Wow, from recognizing the fact that Indians are a tribe who band together as such into a cohesive group to denigrating them as savages is quite a leap. That is not the downside of a tribe. The downside is the total immersion of the personality into the group and no individuality which is more a white trait. The group is good for a ‘spiritual’ purpose and war, but very suffocating for the creative individual. Their identity is the group.
Whites don’t tend to see themselves as any kind of tribe, let alone one that needs to fight for its survival. Hence the individual is more important than the group. But, I do think whites need to consider how group identity can work for us too. After all we are in a psychological/ideological war which has us targeted for genocide.

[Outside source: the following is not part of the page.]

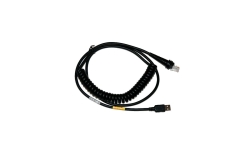 Zubehör Honeywell USB-Anschlusskab. 3M black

New hurling team mascot: “the Tragic Victims”
A few people above acknowledge their disdain for sports and those who partake in them. I think team sports teach many (at least those who get it) the type of self-sacrifice that is needed for a group to achieve a common goal. That is a different topic for a different day though.
I want to comment on Native American/Indian nicknames in sports and how it is totally absurd for universities and even professional teams to change just to fit a PC agenda. I have great respect for Native American warriors and how their soldiers/warriors fought through hardship and turmoil during the expansion of the United States. They did amazingly well with what they had to work with while being outmached by a group with superior technological advantages.
I think it is a disservice to Natives to force teams away from using nicknames like “Tribe” or “Indians” or “Redskins”. These nicknames weren’t created to disenfranchise Native Americans, they were made to pay homage to brave and noble warriors of America. Why is “Viking” or “Fighting Irish” acceptable, but “Indian” or “Aztec” is not? It’s all this stupid politically correct BS to make sure that small fraction of a small minority doesn’t miscontrue something the wrong way.
I’m a fan of the Washington Redskins and there are articles every year in the Liberal Post (I mean Washington Post) about how the name is offensive to so many and how they should change it to something totally stupid, like the “Rainbows” or the “Liberal Puppy Dogs who Don’t Believe in the Second Amendment”. Even though I hate him as an owner, I know that our Napolean Complex majority owner Daniel Snyder will NEVER let the nickname Redskins go away. I’ll take a few more miserable losing seasons so long as we have an owner who has the balls to fight the PC BS and keep the name we’ve had for generations.
Wonderful treatment of the subject. It’s commented on and linked here:
http://ex-army.blogspot.com/2012/05/indian-degradation.html
The “Indians” certainly don’t own the words “chief” or “brave”. Keep the names, change the garb.
I don’t care if the “Indians” are emasculated. Eat or be eaten. We’ve got bigger problems.